[Data for review]:
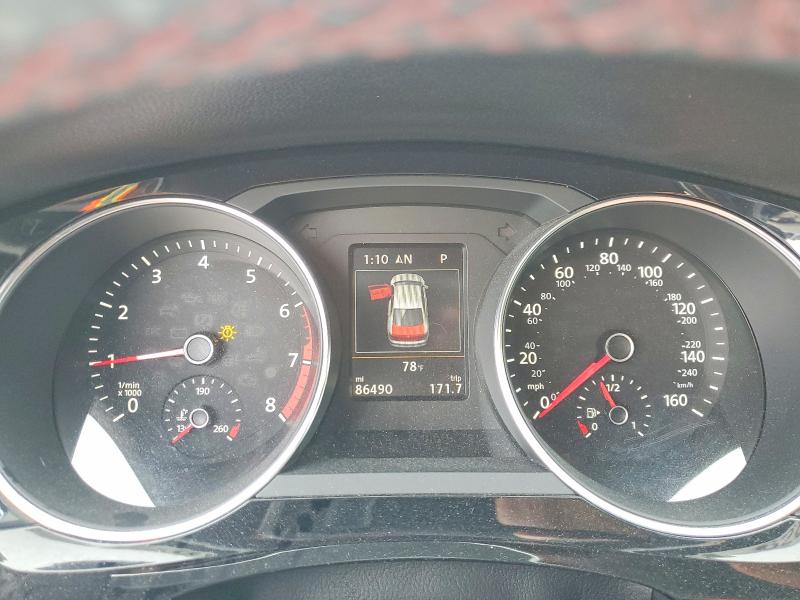Продажа на аукционе авто 2016 Volkswagen Jetta, vin: 3VW4S7AJ0GM384782, номер лота: 62807526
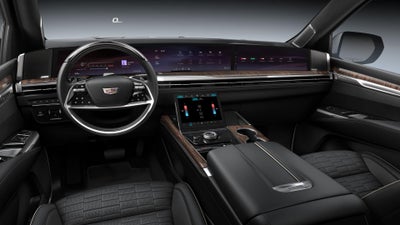 2026 Cadillac Escalade 4WD Platinum Sport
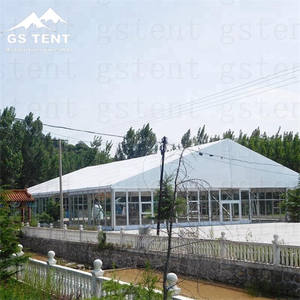 <span class=keywords><strong>Grand</strong></span> <span class=keywords><strong>chapiteau</strong></span> extérieur pour la <span class=keywords><strong>location</strong></span> d'événements et la planification de mariages avec cadre en aluminium durable et couverture en PVC imperméable - Product Image 2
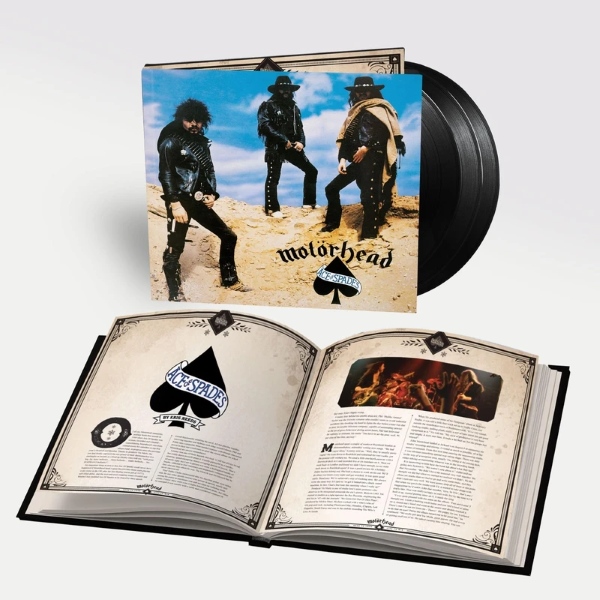 Motorhead - Ace Of Spades vinyl edition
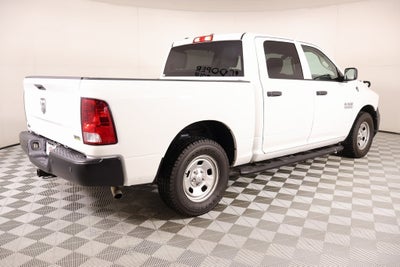 2018 RAM 1500 Tradesman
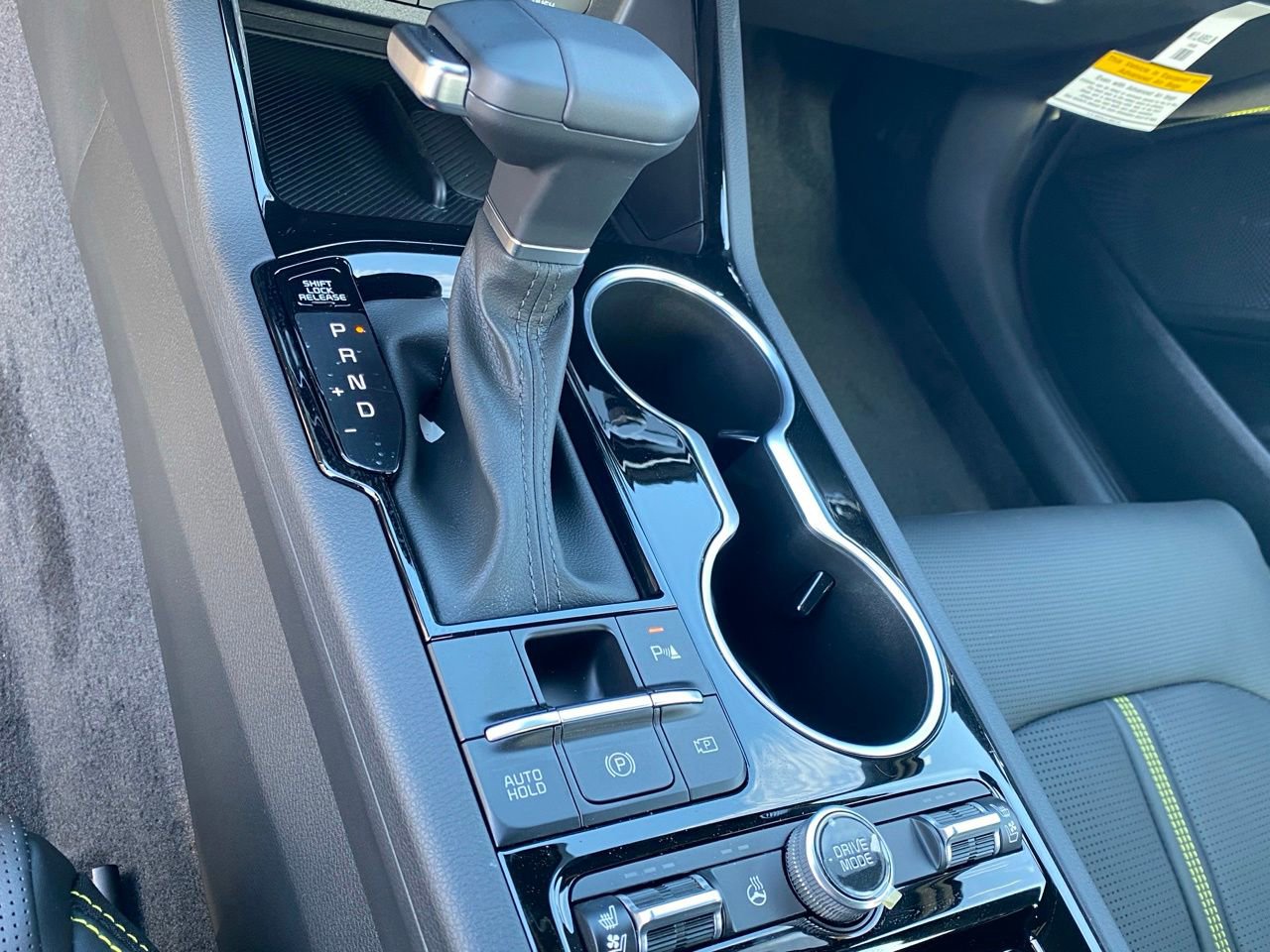 New 2026 Kia K5 GT FWD image 18
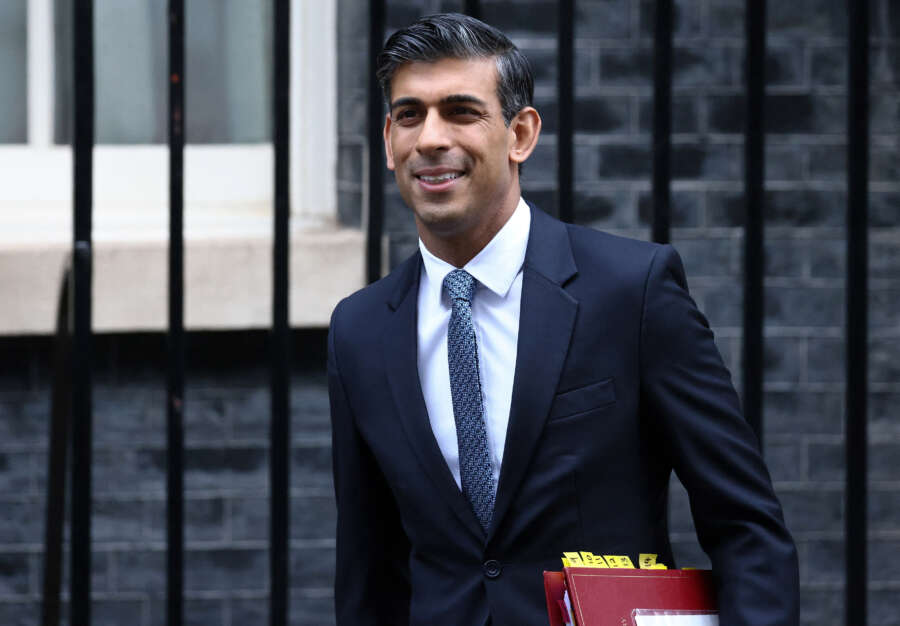 PM Rishi Sunak sets out priorities for Britain, responds to critics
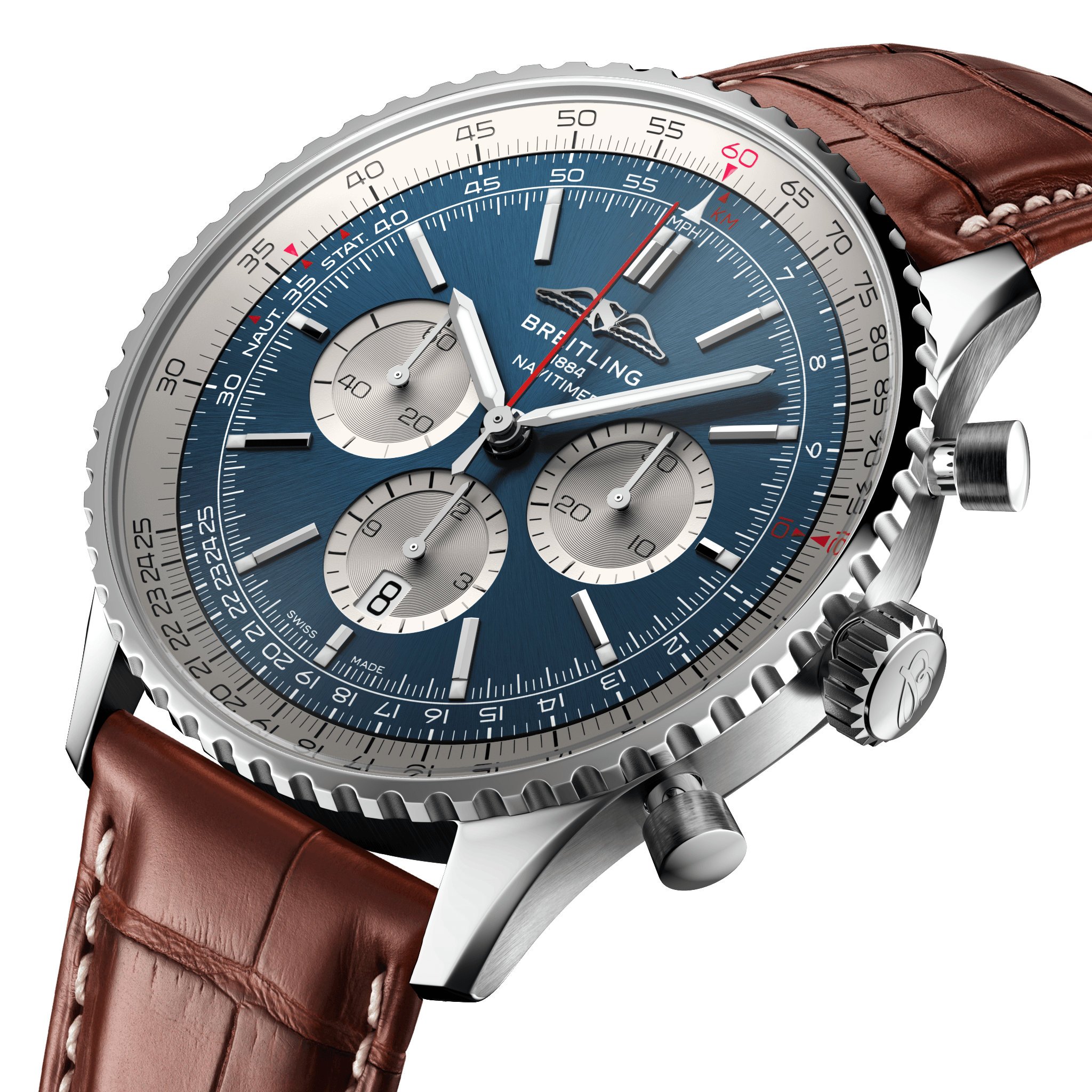 Navitimer B01 Chronograph 46 - Imagen 2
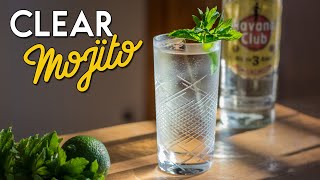 Tired of Muddling  Lime amp Mint Cordial for Fast and Clear Mojitos [upl. by Anaiek]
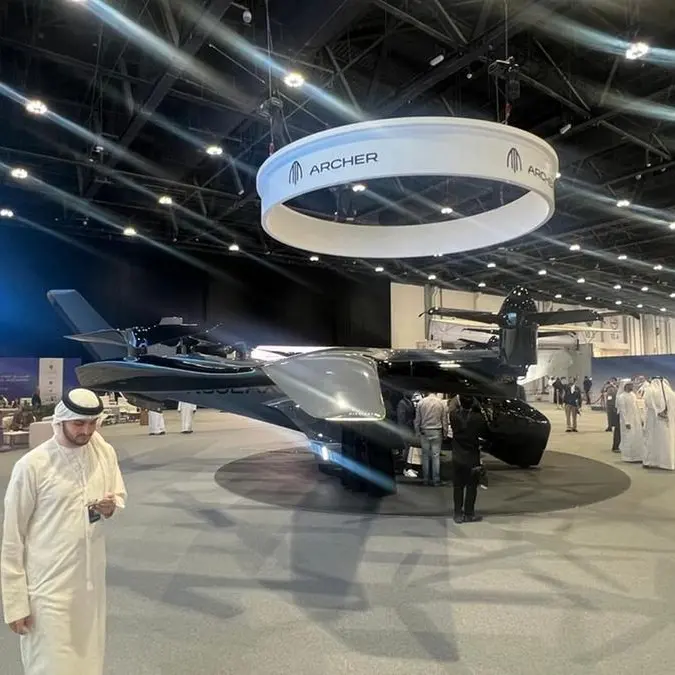 UAE's first electric air taxi trial flight expected before 2025: Archer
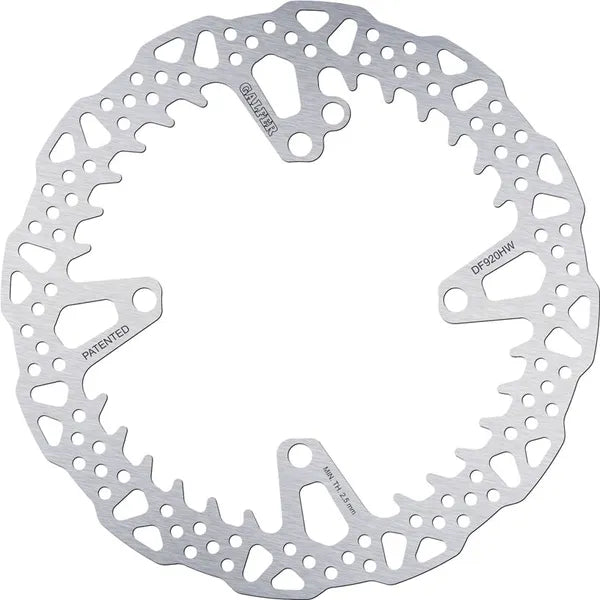 Sherco SE 250 Factory [2025-2026] - BROMSSKIVHAJ FIXAD – Bild 2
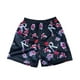 thumbnail image 3 of Mens Casual Pantalones Cortos de Surf Color Sólido Cordón Elástico-Seco Pantalones Cortos de Playa para Hombres, Verano Ligero, 3 of 4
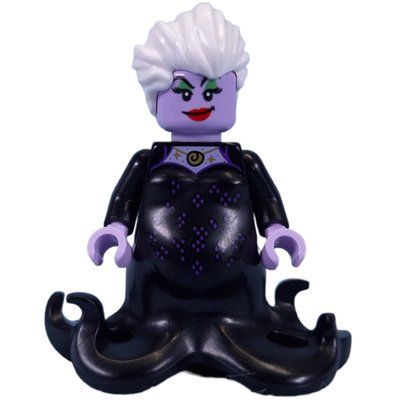 Figurine Ursula, Printed Tentacles du set 43225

[What this task involves]: Retype exactly, please, the span from the line holding "Sherco SE 250" through the closing line of the data, both ends included, without the pictures.

[Response]:
 Sherco SE 250 Factory [2025-2026] - BROMSSKIVHAJ FIXAD – Bild 2
 thumbnail image 3 of Mens Casual Pantalones Cortos de Surf Color Sólido Cordón Elástico-Seco Pantalones Cortos de Playa para Hombres, Verano Ligero, 3 of 4
 Figurine Ursula, Printed Tentacles du set 43225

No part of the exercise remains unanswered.